HDK-AÜber die Bemühungen türkeistämmige und kurdische Organisationen unter einem Kongressdach zusammenzubringen, Murat Çakır, 30. April 2016

Seit Jahrzehnten versuchen Vereine und Verbände von linken, sozialistischen und kommunistischen Migrant*innen aus der Türkei und Kurdistan in Europa themenbezogene Bündnisse aufzubauen. Es sind i. d. R. aktuelle Entwicklungen in der Türkei und in Kurdistan, die zu solchen, meist befristeten Bündnissen und gemeinsamen Aktionen führen. Für die beteiligten Organisationen haben diese Aktionsbündnisse Vorteile in doppelter Hinsicht: Zum einen werden durch konkrete gemeinsame Aktivitäten die Kommunikation zwischen den Verbänden verbessert und das gegenseitige Vertrauen ausgebaut. Zum anderen führen die massenhaften Aktionen und gemeinsam formulierte Forderungen zu einer breiteren öffentlichen Wahrnehmung und ziehen die Aufmerksamkeit der Medien, politischen Parteien, Parlamenten und Regierungen auf diese Forderungen. Dennoch kann bilanziert konstatiert werden, dass weder eine nachhaltige öffentliche Wahrnehmung, noch ein nachhaltiger Einfluss auf politische Entscheidungsmechanismen erreicht werden konnte. Das hat verschiedene Gründe.

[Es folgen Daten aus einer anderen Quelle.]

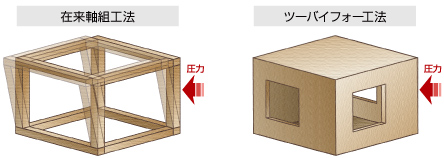 ���輴�ȹ�ˡ�ȥġ��Х��ե�����ˡ�ΰ㤤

Das wichtigste ist wohl die bewusste Marginalisierung und Ausgrenzung der linken Selbstorganisationen in Europa. Die Kriminalisierung und Stigmatisierung kurdischer Organisationen aufgrund des PKK-Verbots kommt erschwerend hinzu. Zudem ist der Einfluss der Türkei als NATO-Mitglied auf den europäischen Regierungen und allgemein die Auswirkungen der imperialistischen Politik nicht zu vernachlässigen.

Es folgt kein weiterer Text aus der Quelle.